FIGURE 1: Regular expressions in Perl for identification of Arabic orthographical
words $regexR, words in the Latin alphabet $regexL, numbers using alternative digits
and decimal points $regexN, and various punctuation symbols $regexP. Note the
comment below the definition of $regexR.

Text Processing
Let us assume that textual data, regardless of the application or editor in which they
were created, are internally accessible to a programmer as strings of characters, or are
converted into formats that are transparent and allow external processing, such as data
in various markup languages or plain text files the encoding of which is compliant with
the Universal Character Set of Unicode.
        Most commonly, the data will directly reflect the original Arabic orthography.
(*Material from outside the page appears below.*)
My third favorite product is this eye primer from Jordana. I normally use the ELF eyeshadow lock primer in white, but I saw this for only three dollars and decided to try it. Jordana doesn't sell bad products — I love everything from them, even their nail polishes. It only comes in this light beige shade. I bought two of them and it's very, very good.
In
that case, several text-processing operations on the data are of interest, such as:

      a) identification of orthographical words in contrast to punctuation symbols and
         numbers, or words in non-Arabic alphabets,
      b) normalization of the textual data, e.g. removal of diacritics (explicit
         vowelization marks), removal of padding characters (like ‘tatweel’, a
         stretchable connecting line) and substitution of ligature characters with
         equivalent sequences of graphemic characters,
      c) conversion of the orthography into transliteration or, if possible, into phonetic

                      THE CHALLENGE OF ARABIC FOR NLP/MT

        The first of the tasks can be quite easily solved thanks to the classification of the
Unicode characters into subsets. In Figure 1, we show definitions of the regular
expressions in Perl that identify the particular kind of substrings in the data. Analogous
implementations can be expressed in other programming languages, too.
        The normalization of data essentially reduces to substring substitutions as well,
and so does the problem of conversion into transliterations, esp. if only some one-to-one
mapping of characters is required. Yet, efficiency of processing can become an issue
(consider repeated passes, one per replace call, through data of huge size), and some
unified approach to transforming the text might come handy.
        In our programming library for Perl called Encode::Arabic (Section 3.3), we
have implemented a mechanism that can be used to perform the normalization, without
the programmer’s need to know any details about the characters that are actually
concerned. As shown in Figure 2, one can exploit the mode-dependent conversion
between the orthography and the Buckwalter transliteration (Buckwalter 2002).
        In certain contexts, representing the Arabic language in a notation different from
the original orthography, yet a notation that allows to be translated into the orthography,
can bring advantages both for human and computer processing, and can offer extended
options for reusing the data for multiple purposes. In particular, we note the ArabTeX
meta-transliteration of the language (Lagally 2004, 1994).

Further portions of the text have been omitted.